_Exercise instructions_
Exact transcript, pictures excluded: write out every record below.

Brief descriptive captions
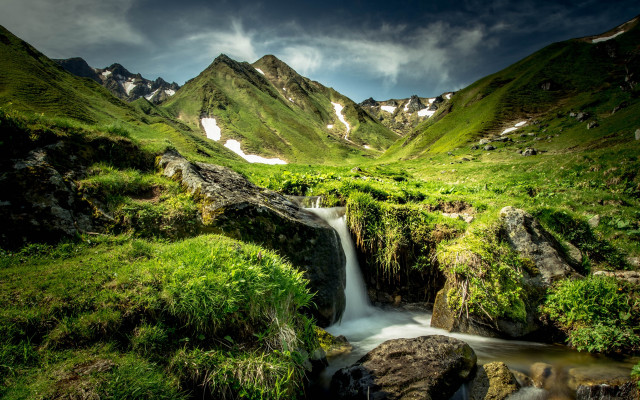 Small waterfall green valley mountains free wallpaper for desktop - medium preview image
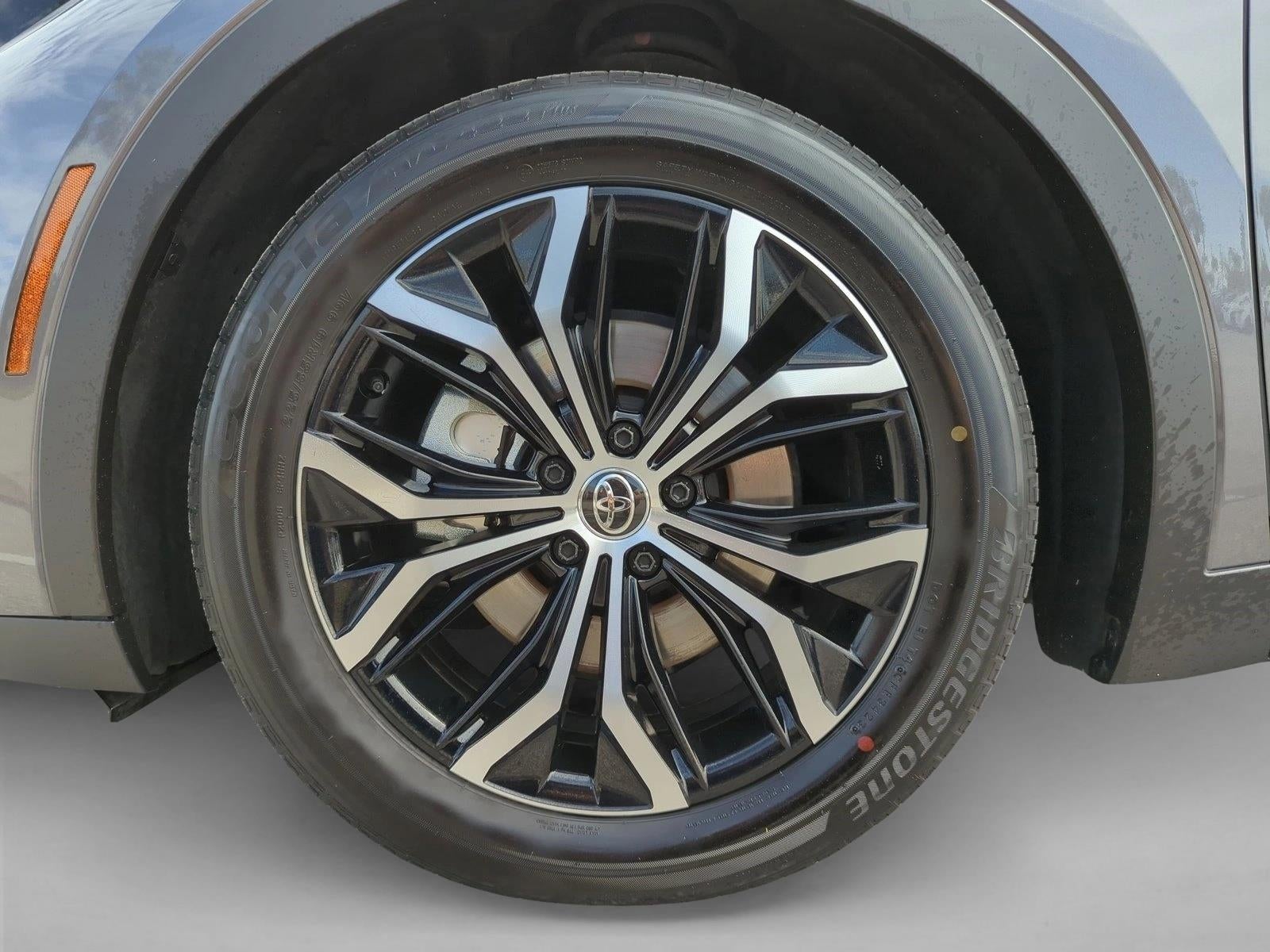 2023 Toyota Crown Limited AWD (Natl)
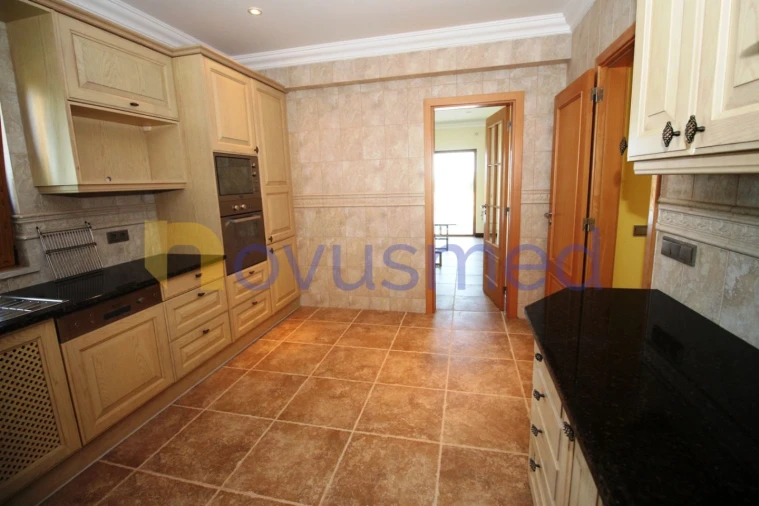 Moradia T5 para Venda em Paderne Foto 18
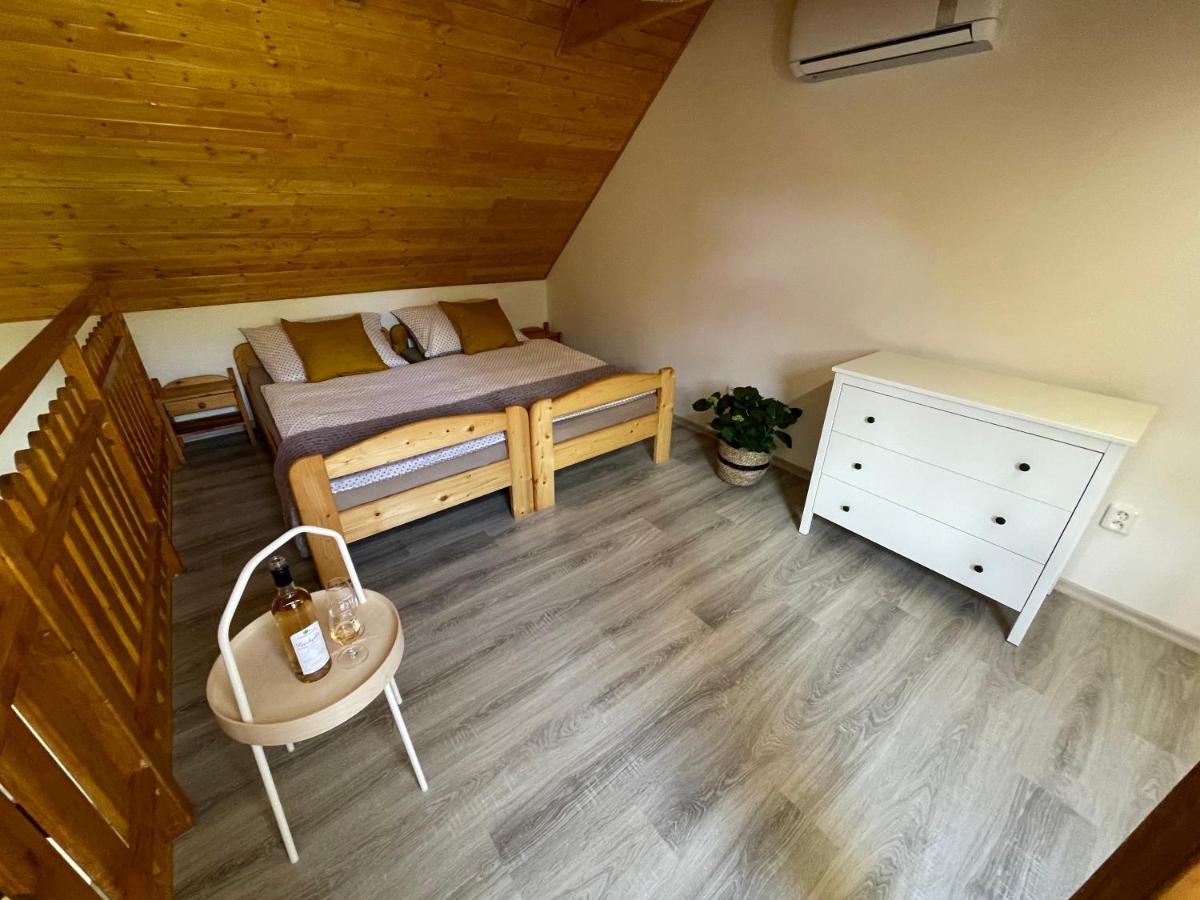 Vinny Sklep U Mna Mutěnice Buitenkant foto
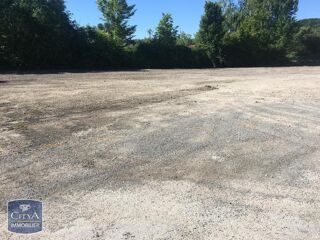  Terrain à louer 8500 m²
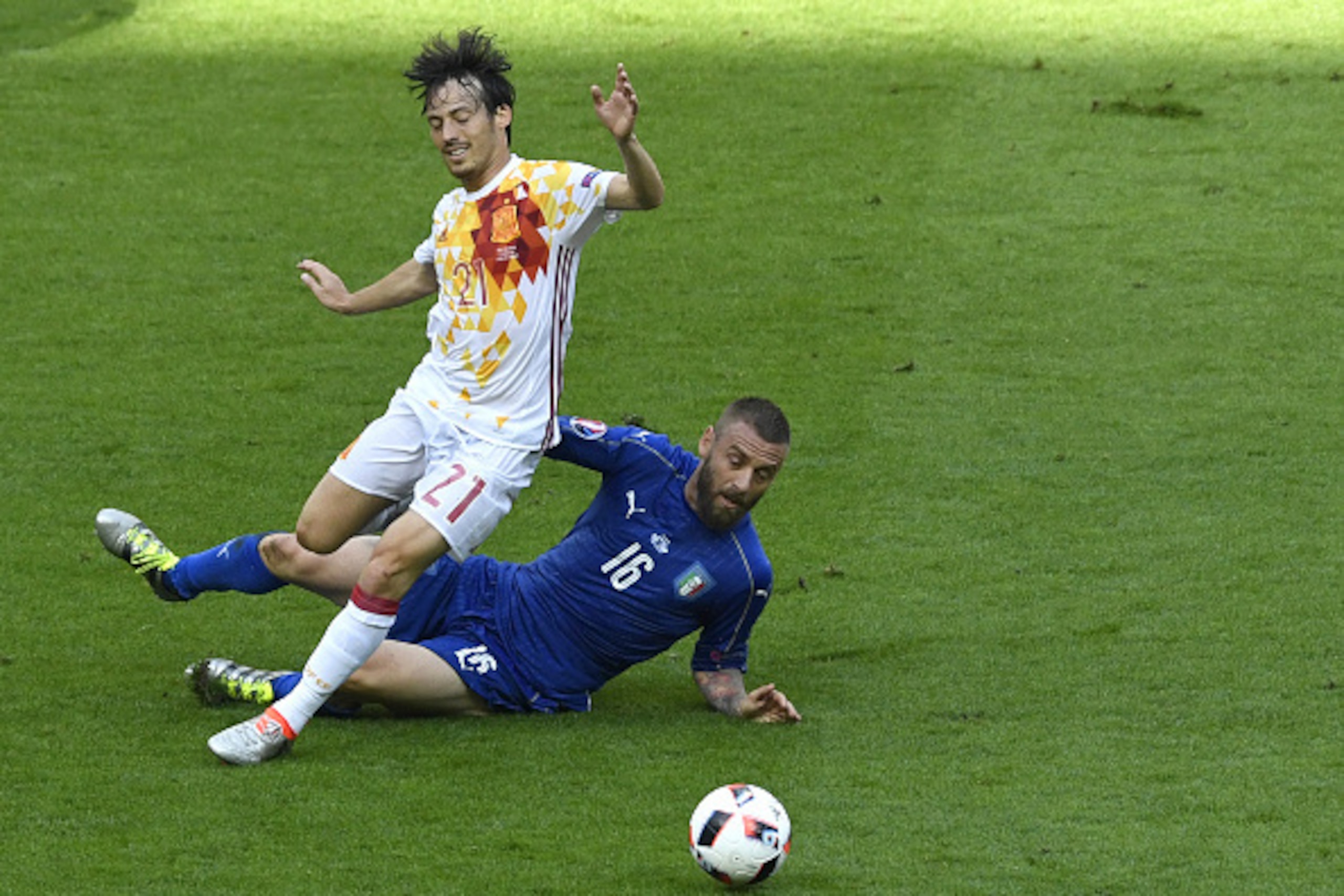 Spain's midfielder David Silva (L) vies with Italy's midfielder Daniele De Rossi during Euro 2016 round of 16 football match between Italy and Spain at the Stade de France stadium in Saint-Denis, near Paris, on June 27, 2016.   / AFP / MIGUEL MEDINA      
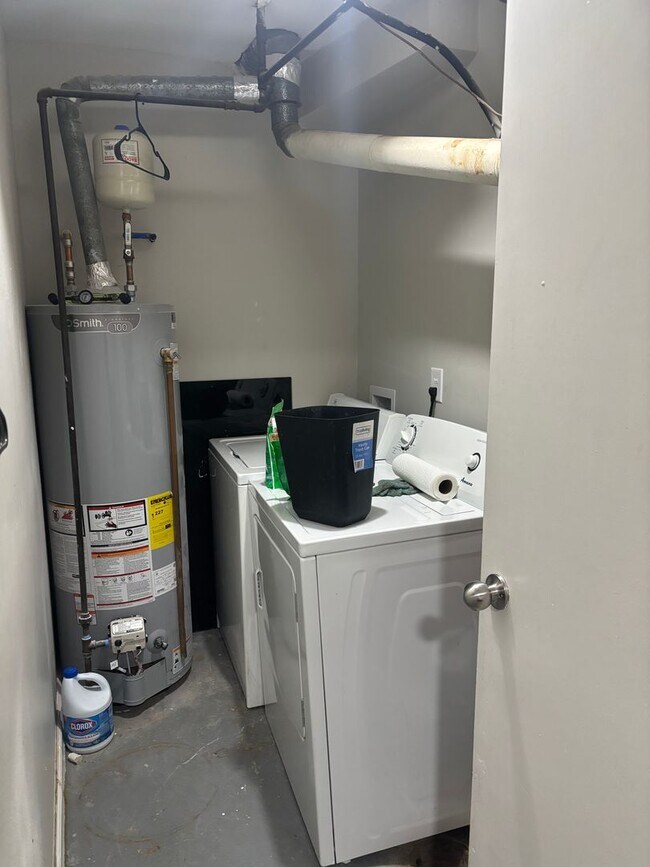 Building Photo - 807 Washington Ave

_Output of the exercise_
 Small waterfall green valley mountains free wallpaper for desktop - medium preview image
 2023 Toyota Crown Limited AWD (Natl)
 Moradia T5 para Venda em Paderne Foto 18
 Vinny Sklep U Mna Mutěnice Buitenkant foto
  Terrain à louer 8500 m²
 Spain's midfielder David Silva (L) vies with Italy's midfielder Daniele De Rossi during Euro 2016 round of 16 football match between Italy and Spain at the Stade de France stadium in Saint-Denis, near Paris, on June 27, 2016.   / AFP / MIGUEL MEDINA      
 Building Photo - 807 Washington Ave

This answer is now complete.